Note: I really love the way the calls look when "Equal" and "Satisfy" are turned into argument labels, but can find no principled justification for doing so. If you have one, so much the better.
grades.all(equal: 4)
grades.all(satisfy: isAtLeastBPlus)

Erica_Sadun · April 12, 2018, 6:31pm

As someone who has been biting her tongue and deliberately not participating: this. Very much this.

pyrtsa · April 12, 2018, 6:37pm

I agree, my initial response to ”xs contains only y” is definitely that xs is a list of one y.

But not only that, because by definition, the result of [].containsOnly(42) is also going to be true – which, I think, is less intuitive than at least these alternatives that have been suggested earlier:

[].containsAll(42),
[].allEqual(42).

(I also like all(equal:) and all(satisfy:).)
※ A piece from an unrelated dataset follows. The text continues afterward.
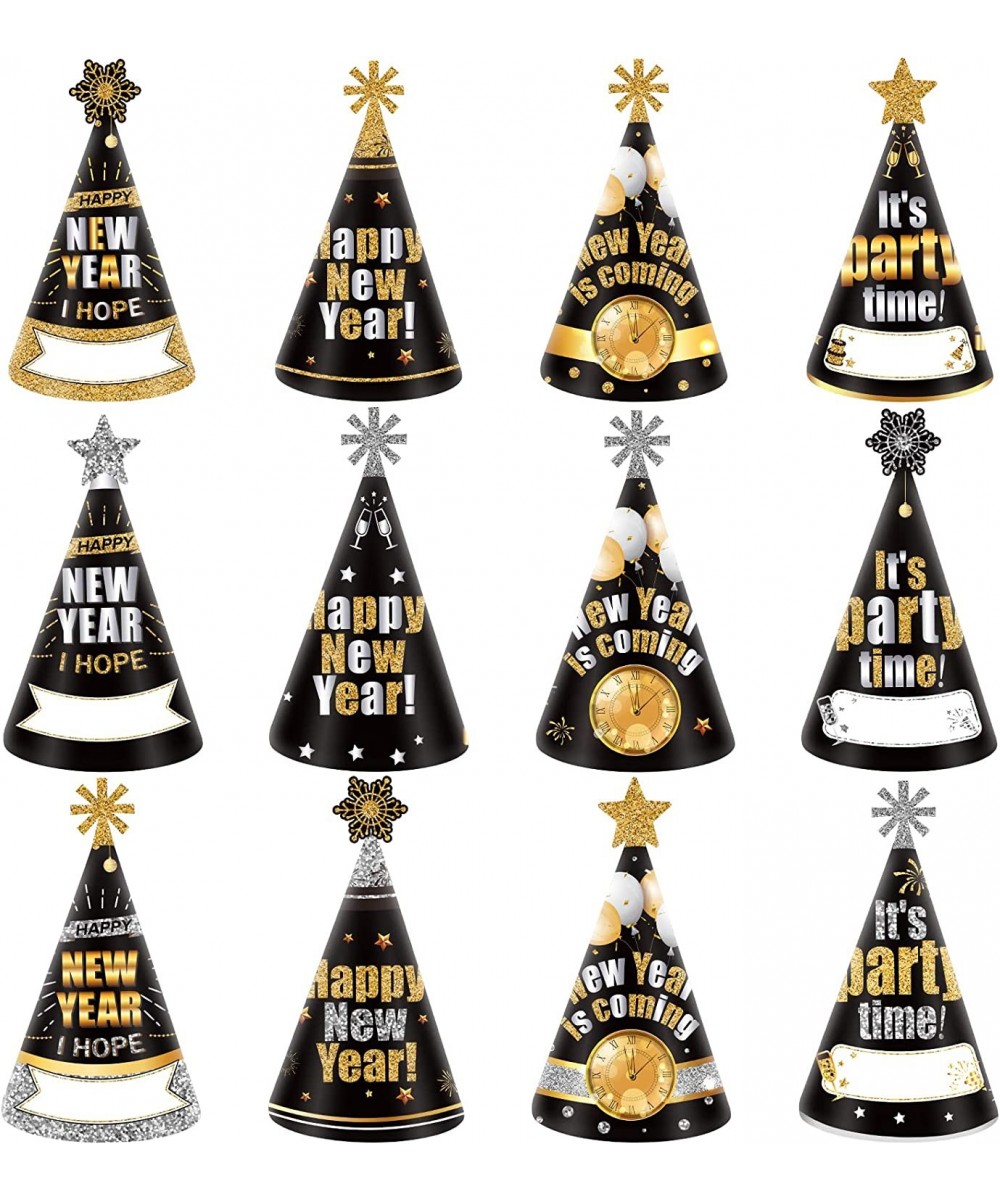 12Pcs Happy New Year Party Hats Paper Cone Hat New Years Eve Hats New Years Eve Party Supplies Decorations for Kids and Adult...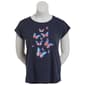Womens Kiwi Fresh Short Sleeve Butterfly Graphic Tee - Navy - image 1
Ben_Cohen · April 12, 2018, 6:40pm

My take is that this isn't easily misread – but rather, is of the order of "yeah, I guess you could interpret it that way now you mention it". This is of course subjective. But I think you need to weight the applicability of understandability at the call site by the likelihood of misinterpretation rather than treat it as a binary thing.

I think earlier someone suggested that all variants like grades.all(satisfy: isAtLeastBPlus) could be interpreted as a filter rather than a test. Again, I think this is a stretch – about of the same order as thinking containsOnly means contains only one element. Though at least in this case the types will help clear things up – but that doesn't help when you're reading as much as writing.

Finally, while I agree clarity at the call site is most important, I again think it's a matter of overweighting versus rather than trumping the other guidelines. Deviating this significantly from an otherwise consistent family of names will be very jarring.